In the 1930s, Mexico had seen real land reform as well as the expropriation of major foreign owned industries. The Institutional Revolutionary Party (PRI) retained considerable revolutionary legitimacy and, through its massive patronage, kept a firm grip on industrial workers, the urban middle classes, and the rural population alike.
In the 1960s and 1970s, bolstered by an oil boom, the PRI could handle almost any challenge. Even so, the government did suffer one instance of panic. As Mexico was preparing to host the Olympic Games in 1968, protesting students in the Tlatelolco district of Mexico City were massacred.
The Tlatelolco event was unusual though. Mexican generals hadn’t been key political players for decades. The US government, too, had learned to live with a “revolutionary” Mexico. Dire warnings about “Red” Mexico were already a half century old.

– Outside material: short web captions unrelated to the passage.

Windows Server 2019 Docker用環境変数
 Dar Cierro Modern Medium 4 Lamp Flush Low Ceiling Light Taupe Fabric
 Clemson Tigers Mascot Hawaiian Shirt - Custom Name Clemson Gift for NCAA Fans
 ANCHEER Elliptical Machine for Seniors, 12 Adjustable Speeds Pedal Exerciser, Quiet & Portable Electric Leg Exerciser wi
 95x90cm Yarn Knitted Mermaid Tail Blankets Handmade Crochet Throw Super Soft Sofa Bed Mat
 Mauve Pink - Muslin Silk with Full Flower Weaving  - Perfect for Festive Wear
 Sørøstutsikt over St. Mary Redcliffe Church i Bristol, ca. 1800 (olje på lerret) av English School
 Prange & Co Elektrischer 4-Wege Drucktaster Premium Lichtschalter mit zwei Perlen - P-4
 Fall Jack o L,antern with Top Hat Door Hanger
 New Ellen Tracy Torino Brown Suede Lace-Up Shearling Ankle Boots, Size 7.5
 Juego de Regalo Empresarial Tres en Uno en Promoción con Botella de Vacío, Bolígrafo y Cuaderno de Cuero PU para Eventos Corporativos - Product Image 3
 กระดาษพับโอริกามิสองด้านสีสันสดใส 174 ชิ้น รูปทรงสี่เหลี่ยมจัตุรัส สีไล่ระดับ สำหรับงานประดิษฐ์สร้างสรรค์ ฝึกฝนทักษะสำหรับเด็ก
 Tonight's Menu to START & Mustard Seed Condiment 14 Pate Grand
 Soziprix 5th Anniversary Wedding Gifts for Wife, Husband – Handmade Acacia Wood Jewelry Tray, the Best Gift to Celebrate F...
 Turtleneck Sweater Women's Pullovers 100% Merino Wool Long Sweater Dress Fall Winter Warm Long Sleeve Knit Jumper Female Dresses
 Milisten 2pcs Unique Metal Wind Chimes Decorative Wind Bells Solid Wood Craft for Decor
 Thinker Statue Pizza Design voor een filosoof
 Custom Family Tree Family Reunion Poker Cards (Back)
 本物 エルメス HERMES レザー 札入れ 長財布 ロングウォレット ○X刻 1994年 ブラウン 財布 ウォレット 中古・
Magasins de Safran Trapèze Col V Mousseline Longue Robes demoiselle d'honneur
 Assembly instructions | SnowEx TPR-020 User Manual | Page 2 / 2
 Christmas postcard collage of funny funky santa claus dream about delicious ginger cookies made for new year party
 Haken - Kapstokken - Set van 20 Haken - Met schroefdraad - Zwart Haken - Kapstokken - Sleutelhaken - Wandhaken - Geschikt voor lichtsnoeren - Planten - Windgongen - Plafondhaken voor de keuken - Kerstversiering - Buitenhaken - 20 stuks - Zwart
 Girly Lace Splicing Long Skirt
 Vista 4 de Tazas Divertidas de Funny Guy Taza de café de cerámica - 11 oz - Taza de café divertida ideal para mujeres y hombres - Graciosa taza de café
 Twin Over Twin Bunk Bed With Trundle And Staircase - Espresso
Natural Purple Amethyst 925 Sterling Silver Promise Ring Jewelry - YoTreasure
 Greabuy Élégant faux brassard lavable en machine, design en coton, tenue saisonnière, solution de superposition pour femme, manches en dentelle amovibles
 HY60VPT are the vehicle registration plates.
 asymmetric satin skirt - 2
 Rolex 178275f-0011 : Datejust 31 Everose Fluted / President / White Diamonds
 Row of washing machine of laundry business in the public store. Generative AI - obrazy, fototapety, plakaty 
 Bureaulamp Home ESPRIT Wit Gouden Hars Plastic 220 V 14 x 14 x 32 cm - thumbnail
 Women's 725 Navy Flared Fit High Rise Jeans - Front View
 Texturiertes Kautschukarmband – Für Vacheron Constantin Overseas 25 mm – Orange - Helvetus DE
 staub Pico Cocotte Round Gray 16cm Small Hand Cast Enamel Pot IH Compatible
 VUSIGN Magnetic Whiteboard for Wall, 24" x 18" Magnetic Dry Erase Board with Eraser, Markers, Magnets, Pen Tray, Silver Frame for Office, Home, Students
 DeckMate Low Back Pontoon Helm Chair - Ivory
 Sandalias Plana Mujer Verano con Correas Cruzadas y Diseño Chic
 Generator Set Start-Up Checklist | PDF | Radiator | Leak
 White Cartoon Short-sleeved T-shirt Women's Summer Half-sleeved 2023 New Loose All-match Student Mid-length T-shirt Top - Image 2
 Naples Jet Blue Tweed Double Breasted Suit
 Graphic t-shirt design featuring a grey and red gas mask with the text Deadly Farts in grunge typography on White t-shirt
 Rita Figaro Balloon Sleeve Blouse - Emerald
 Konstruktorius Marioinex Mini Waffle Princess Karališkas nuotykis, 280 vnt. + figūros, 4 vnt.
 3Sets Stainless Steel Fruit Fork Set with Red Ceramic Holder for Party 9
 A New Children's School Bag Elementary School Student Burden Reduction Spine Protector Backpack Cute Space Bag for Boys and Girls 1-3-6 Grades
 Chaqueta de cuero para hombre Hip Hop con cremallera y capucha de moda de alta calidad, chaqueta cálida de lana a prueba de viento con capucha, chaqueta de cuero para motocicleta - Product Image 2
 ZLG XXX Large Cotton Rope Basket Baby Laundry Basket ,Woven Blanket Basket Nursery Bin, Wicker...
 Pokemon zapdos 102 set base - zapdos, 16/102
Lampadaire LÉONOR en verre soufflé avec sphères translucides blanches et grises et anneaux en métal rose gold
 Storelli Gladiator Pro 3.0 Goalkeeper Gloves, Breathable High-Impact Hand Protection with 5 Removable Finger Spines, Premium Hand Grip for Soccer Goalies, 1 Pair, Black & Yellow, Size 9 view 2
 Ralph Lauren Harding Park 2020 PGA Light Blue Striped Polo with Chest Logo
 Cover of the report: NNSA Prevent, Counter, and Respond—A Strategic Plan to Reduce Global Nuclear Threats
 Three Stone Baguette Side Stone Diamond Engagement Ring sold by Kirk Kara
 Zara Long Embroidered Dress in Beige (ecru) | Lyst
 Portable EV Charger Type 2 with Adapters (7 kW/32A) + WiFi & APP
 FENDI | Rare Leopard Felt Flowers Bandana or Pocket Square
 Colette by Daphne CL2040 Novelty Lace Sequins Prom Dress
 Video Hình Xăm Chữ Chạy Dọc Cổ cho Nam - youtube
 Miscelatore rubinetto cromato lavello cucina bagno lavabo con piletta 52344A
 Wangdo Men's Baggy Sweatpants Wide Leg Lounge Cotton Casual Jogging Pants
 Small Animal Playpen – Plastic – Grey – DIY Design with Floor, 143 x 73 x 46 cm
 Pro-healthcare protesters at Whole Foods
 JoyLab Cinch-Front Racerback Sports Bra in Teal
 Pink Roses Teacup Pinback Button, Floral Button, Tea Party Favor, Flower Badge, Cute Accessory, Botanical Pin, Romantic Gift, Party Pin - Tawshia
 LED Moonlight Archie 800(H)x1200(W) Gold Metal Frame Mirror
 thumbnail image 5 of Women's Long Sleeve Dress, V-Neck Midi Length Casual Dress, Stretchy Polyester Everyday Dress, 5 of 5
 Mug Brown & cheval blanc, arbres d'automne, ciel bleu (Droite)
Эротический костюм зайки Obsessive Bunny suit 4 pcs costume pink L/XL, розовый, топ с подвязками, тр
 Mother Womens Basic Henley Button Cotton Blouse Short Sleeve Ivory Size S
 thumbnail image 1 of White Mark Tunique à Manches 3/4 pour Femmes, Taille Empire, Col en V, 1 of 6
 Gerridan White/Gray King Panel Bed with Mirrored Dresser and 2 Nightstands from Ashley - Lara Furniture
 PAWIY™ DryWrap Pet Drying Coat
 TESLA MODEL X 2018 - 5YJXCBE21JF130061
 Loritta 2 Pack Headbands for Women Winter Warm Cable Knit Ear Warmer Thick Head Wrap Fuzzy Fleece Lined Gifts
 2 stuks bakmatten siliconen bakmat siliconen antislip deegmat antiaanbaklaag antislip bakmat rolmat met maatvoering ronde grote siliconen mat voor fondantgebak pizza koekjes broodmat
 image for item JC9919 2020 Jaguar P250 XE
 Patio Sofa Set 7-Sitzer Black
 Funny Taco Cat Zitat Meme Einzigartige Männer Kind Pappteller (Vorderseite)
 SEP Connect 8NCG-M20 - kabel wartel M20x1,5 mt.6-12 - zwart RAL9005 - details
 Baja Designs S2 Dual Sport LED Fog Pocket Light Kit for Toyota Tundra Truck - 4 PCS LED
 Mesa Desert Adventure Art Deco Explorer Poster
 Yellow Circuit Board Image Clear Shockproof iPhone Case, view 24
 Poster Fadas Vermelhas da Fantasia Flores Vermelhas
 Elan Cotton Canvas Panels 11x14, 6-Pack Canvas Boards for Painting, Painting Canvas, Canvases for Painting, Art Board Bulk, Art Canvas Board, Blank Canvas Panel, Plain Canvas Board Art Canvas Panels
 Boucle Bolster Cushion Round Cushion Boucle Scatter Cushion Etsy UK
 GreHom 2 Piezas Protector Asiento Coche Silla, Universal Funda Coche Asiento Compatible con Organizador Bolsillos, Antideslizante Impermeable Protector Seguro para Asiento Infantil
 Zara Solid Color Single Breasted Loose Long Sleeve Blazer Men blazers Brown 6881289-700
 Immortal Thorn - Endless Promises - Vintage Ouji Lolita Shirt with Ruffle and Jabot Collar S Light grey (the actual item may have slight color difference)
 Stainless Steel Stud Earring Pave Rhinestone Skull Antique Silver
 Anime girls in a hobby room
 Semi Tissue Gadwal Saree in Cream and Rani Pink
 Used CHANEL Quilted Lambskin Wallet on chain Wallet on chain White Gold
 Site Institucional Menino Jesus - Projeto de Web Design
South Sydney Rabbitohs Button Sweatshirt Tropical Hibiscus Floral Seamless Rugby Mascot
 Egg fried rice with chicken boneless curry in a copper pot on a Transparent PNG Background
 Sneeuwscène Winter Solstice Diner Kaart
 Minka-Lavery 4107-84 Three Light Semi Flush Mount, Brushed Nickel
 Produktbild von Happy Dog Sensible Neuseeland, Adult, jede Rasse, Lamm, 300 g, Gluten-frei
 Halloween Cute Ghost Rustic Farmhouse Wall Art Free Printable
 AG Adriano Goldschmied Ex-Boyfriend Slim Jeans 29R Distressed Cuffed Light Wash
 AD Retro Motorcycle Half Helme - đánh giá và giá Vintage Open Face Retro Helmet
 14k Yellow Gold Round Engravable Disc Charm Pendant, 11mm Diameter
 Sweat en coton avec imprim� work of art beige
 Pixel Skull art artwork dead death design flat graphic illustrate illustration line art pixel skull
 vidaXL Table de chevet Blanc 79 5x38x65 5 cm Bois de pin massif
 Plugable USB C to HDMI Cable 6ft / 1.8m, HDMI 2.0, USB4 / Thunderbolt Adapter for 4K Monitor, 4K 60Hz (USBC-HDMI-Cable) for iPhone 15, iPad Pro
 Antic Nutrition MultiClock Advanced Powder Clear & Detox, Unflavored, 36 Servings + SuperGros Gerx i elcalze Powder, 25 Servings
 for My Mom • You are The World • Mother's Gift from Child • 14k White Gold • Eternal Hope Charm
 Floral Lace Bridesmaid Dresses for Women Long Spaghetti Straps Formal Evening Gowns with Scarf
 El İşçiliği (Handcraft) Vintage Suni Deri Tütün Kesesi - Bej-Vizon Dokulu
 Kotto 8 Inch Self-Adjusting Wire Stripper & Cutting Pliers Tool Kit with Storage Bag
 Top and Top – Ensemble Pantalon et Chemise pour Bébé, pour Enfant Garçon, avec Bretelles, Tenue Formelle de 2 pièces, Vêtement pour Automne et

By the mid-1970s, the revolutionary tide had turned in Latin America. Reactionary anticommunist dictatorships were in decline.
Bureaucratic authoritarian governments collapsed in the late 1970s and 1980s because of their own mistakes and excesses, especially problems with massive debt and hyperinflation.
In Argentina, the military government played on nationalism as it identified a new, external enemy: Great Britain. At first, the military garnered widespread public support for its 1982 war with Great Britain over the Falkland (Malvinas) Islands. But the poorly trained Argentine soldiers quickly surrendered. In 1983, Argentina held legitimate elections that ousted the armed forces.
Uruguay got a civilian president in 1984 as did Brazil in 1985. Peru, Ecuador, and Bolivia had already returned to constitutional rule by that time. The last Cold War battles had been waged.